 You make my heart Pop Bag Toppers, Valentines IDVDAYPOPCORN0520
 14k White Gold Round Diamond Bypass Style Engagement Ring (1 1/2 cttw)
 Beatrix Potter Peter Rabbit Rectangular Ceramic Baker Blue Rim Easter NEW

...

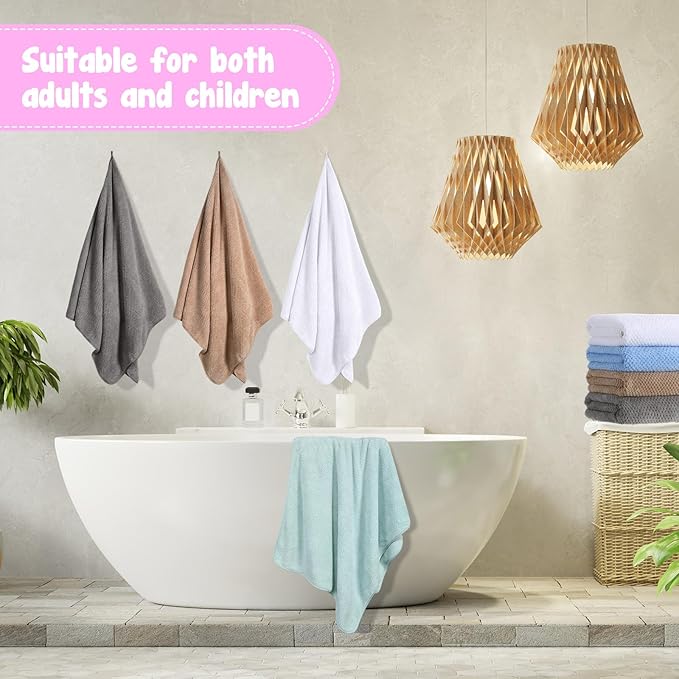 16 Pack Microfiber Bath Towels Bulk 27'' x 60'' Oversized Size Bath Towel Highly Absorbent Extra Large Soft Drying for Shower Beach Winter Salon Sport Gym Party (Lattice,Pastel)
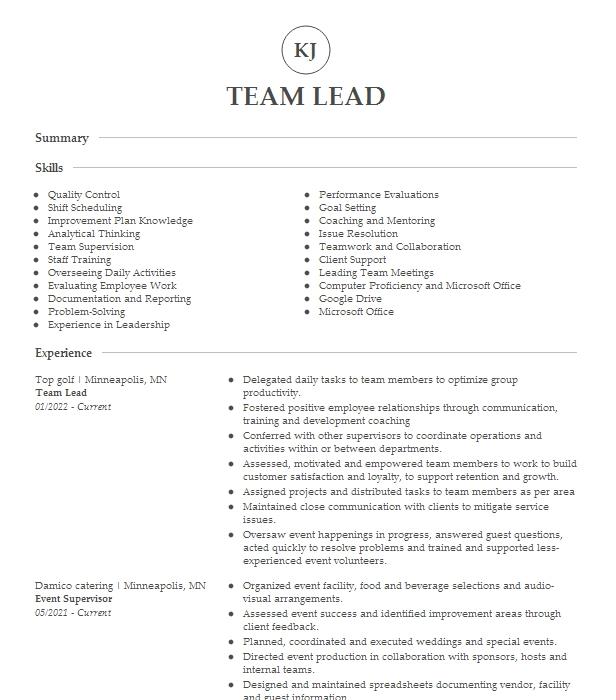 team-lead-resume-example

--

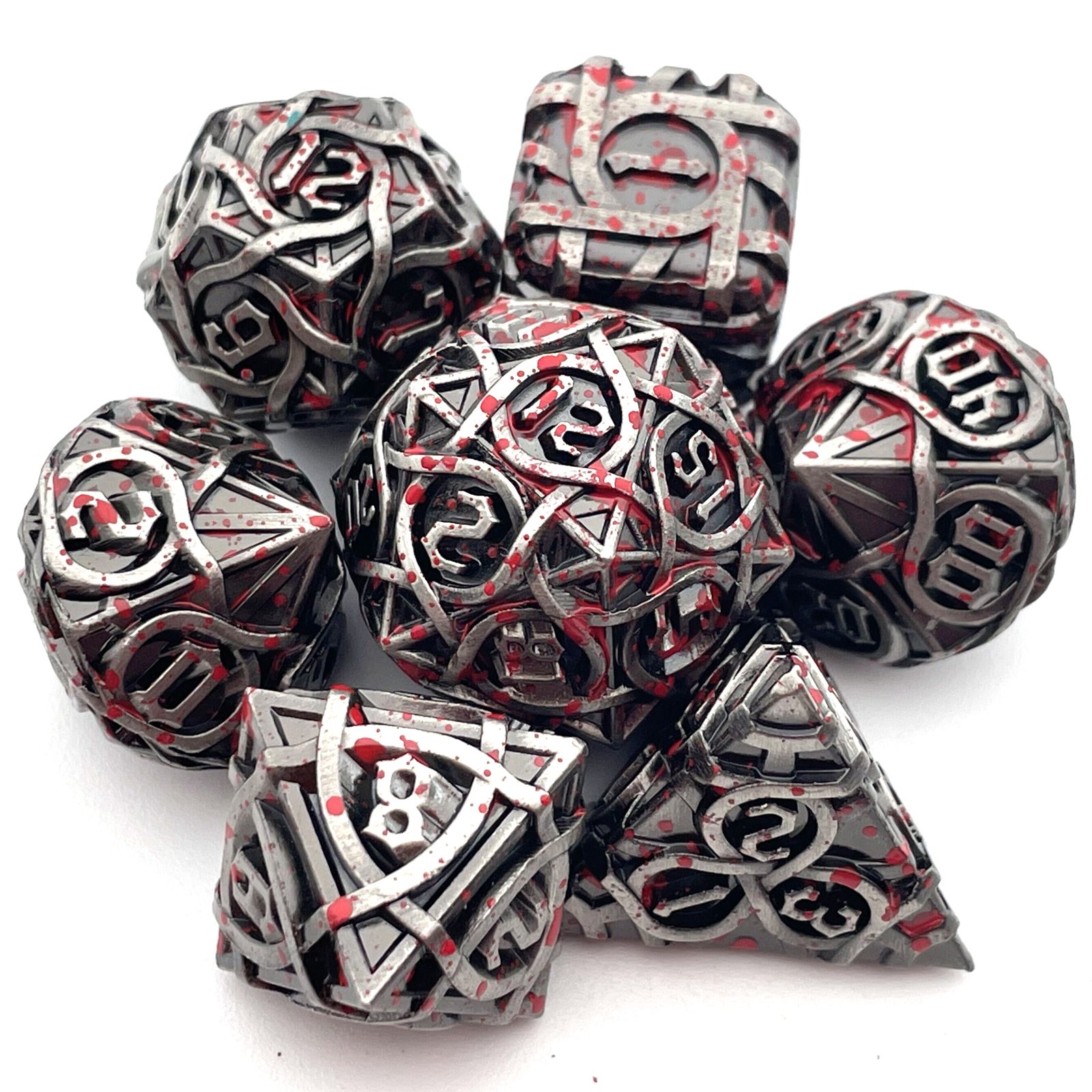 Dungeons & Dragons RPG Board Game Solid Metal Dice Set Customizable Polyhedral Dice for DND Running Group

• _What the task requires_: Using the listing above, return word for word each line from the one that has "You make my" through the one that has "Beatrix Potter Peter", and no line outside that range.

• _Solution_:
 You make my heart Pop Bag Toppers, Valentines IDVDAYPOPCORN0520
 14k White Gold Round Diamond Bypass Style Engagement Ring (1 1/2 cttw)
 Beatrix Potter Peter Rabbit Rectangular Ceramic Baker Blue Rim Easter NEW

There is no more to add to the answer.